» Task goal
Print the records below exactly, leaving out nothing.
┏━━
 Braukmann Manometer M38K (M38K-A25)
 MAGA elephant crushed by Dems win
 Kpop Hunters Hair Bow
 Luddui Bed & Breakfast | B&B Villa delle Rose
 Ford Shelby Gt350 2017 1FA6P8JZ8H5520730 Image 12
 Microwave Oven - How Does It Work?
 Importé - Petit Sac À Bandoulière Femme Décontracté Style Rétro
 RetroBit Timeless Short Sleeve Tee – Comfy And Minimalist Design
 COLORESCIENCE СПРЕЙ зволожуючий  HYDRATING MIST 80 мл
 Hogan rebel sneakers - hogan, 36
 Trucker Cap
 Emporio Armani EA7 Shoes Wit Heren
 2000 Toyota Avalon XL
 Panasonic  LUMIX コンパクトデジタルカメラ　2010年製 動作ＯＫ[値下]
┗━━
» Finished exercise
 Braukmann Manometer M38K (M38K-A25)
 MAGA elephant crushed by Dems win
 Kpop Hunters Hair Bow
 Luddui Bed & Breakfast | B&B Villa delle Rose
 Ford Shelby Gt350 2017 1FA6P8JZ8H5520730 Image 12
 Microwave Oven - How Does It Work?
 Importé - Petit Sac À Bandoulière Femme Décontracté Style Rétro
 RetroBit Timeless Short Sleeve Tee – Comfy And Minimalist Design
 COLORESCIENCE СПРЕЙ зволожуючий  HYDRATING MIST 80 мл
 Hogan rebel sneakers - hogan, 36
 Trucker Cap
 Emporio Armani EA7 Shoes Wit Heren
 2000 Toyota Avalon XL
 Panasonic  LUMIX コンパクトデジタルカメラ　2010年製 動作ＯＫ[値下]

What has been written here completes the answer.